In May, a handful of POSCO-India Pvt. Ltd’s executives were dragged from a car by a mob wielding bamboo poles and held overnight.
Before release, they were made to sign a pledge vowing not to return to the village of Dhinkia, which lies in the path of the company’s proposed 12-million-tonne steel plant in Orissa. Still, the South Korea-based steel giant is trying to win over rural India.
Since the announcement of its $12 billion (Rs49,200 crore) proposed facility—which represents the single largest foreign investment in India—the company has tried to ramp up social initiatives in the areas where it still needs to acquire land. Though the walls haven’t been erected yet (the company has vowed to start construction in October), Posco has begun operating in the area—in activities unrelated to steel.
A mobile health van goes to some villages at least one day a week, young women have trained as beauticians, doctors have flown in from Korea to fix the cleft palates of local children, scholarships for study have been awarded and street lights have been erected.
On an international level, corporate social responsibility (CSR) has been a major focus for Posco, the only major steel company listed in the Dow Jones Sustainability Indexes, which track the performance of leading companies deemed to operate in a socially responsible manner. Its efforts in India coincide with increased attention to the subject.
Last month, Prime Minister Manmohan Singh urged business leaders to give back more; on Thursday, the Confederation of Indian Industry begins the first national conference on CSR in Chennai.
Posco’s initiatives are more than just an extension of the parent company’s focus on corporate social responsibility and philanthropy. They represent an attempt to set the tone for the company’s image in India and turn local sceptics in the affected region of Orissa into supporters of the project. “The idea behind doing all this CSR is to earn the goodwill of the community and grow along with them,” says Posco spokesman Shashanka Pattnaik.
Though the company calls their push at fostering “goodwill” a success—despite the detention of its employees and continuing local resistance—observers question the effectiveness of rolling out social initiatives in a place in which it doesn’t yet operate.
“What companies really need to make sure they do is to engage the community. You need to make sure that you truly understand what the issues are,” said Jane Fiona Cumming, director of London-based corporate social responsibility consultancy Article 13. “If, however, you’ve come in to buy the community, that as a strategy doesn’t work.”
She clarified that she spoke as a CSR strategist only familiar with the basic details of Posco’s case.
Posco says it has listened closely to the community in Orissa, developing a three-pronged strategy based around rural development, education and healthcare after canvassing the villages that lie in the path of its steel plant.
While it initially operated from the state capital in Bhubaneswar, the officials realized they needed to be closer to the plant site and opened a field office in the district to address the “image problem” it couldn’t shed—that of an outsider—according to Pattnaik.
Posco is hoping to use CSR to improve its brand image among the people.
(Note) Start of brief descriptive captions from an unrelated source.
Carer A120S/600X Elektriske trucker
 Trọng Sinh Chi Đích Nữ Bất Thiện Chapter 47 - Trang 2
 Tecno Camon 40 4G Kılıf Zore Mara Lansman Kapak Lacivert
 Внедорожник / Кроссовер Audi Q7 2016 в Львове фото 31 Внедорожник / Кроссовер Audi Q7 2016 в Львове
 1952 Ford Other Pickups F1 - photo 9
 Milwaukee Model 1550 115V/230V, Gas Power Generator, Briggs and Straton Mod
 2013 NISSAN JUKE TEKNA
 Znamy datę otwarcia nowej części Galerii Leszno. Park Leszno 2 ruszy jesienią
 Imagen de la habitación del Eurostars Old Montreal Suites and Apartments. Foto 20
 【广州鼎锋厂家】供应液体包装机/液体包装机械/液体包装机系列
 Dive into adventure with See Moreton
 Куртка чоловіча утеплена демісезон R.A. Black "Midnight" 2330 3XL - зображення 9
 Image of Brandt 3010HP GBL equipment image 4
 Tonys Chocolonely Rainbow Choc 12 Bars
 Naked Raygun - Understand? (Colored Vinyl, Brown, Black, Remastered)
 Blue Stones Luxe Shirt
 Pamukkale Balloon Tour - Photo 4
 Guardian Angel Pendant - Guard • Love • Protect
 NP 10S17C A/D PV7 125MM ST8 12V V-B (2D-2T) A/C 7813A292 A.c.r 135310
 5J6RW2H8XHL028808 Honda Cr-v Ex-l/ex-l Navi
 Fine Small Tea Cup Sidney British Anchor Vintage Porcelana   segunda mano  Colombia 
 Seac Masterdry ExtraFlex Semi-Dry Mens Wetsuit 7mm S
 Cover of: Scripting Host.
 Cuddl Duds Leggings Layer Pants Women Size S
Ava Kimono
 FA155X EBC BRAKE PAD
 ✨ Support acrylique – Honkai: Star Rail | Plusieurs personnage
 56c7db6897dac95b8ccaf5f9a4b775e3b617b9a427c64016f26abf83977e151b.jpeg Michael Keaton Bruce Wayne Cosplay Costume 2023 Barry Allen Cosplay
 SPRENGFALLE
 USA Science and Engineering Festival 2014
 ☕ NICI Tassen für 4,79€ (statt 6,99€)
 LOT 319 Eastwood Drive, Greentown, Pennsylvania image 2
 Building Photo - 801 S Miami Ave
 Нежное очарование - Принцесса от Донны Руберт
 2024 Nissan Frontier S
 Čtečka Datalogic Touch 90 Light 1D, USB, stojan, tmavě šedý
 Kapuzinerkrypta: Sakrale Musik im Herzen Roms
Pattnaik says, Posco is formulating a 30-year plan for its social initiatives here on the basis of an analysis that it is conducting in the community—discussing plans with village leaders and often the women of the community.
As for Dhinkia, where resistance to the project has been strongest, the company has withdrawn its social initiatives, but remains in the two neighbouring panchayats.
The villagers in Dhinkia see their neighbours getting health care and many have begun asking questions and travelling to take advantage of Posco’s programmes, says Pattnaik.
“We’re hoping things fall into place there,” he adds.